Referring to FIG. 2, the operation of the clock shrink circuit 10 of the prior art is shown for an illustrative regular frequency (generally below 4 GHz) by showing in a timing diagram of the signals CLOCK, CLOCKB, CLOCKMID, and CLOCKOUT. The signal CLOCKB is an inverted, delayed version of the CLOCK signal, but retains the 50% duty cycle. The delay stage 18 of the rise mirror circuit 12 creates significantly different rise and fall propagation delays as illustrated by the CLOCKMID signal, with the rising input to falling output being much larger than the falling input to rising output. As such, the output duty cycle is significantly different than the input duty cycle, e.g., 50% input duty cycle results in a greater than 70% duty cycle output. In other words, the CLOCKMID waveform is more high than low during this regular frequency operation. With the assistance of the fall mirror circuit 14, the CLOCKOUT signal is the desired delayed clock signal with a 50% duty cycle.

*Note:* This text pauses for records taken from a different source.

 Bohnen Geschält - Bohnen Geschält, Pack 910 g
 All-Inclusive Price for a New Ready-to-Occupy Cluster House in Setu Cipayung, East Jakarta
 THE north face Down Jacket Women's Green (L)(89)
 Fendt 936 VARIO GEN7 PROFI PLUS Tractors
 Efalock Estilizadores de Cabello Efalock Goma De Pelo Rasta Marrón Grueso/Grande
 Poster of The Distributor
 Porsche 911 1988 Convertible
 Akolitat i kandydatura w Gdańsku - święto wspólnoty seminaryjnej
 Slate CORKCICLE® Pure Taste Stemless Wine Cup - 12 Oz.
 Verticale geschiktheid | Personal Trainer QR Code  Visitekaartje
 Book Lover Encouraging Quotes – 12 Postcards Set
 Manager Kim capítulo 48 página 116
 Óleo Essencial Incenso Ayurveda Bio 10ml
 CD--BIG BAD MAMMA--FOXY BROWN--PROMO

Referring to FIG. 3, the operation of the clock shrink circuit 10 is shown for a high frequency (generally above 4 GHz) by again showing in a timing diagram the signals CLOCK, CLOCKB, CLOCKMID, and CLOCKOUT. As the clock frequency is increased, eventually the shrink circuit 10 becomes a frequency limiter. The CLOCKOUT signal no longer toggles in the high frequency operation.
Although the shrink circuit 10 is generally acceptable for frequencies approximately under 4 GHz, the clock shrink circuit 10 has insufficient bandwidth of operation as a serial circuit in the clock distribution path having frequencies approximately greater than 4 GHz. Currently, the maximum frequency of operation of the shrink circuit 10 is close to the nominal part frequency. This limits the maximum device frequency as the part speed is increased by fixing paths in the design.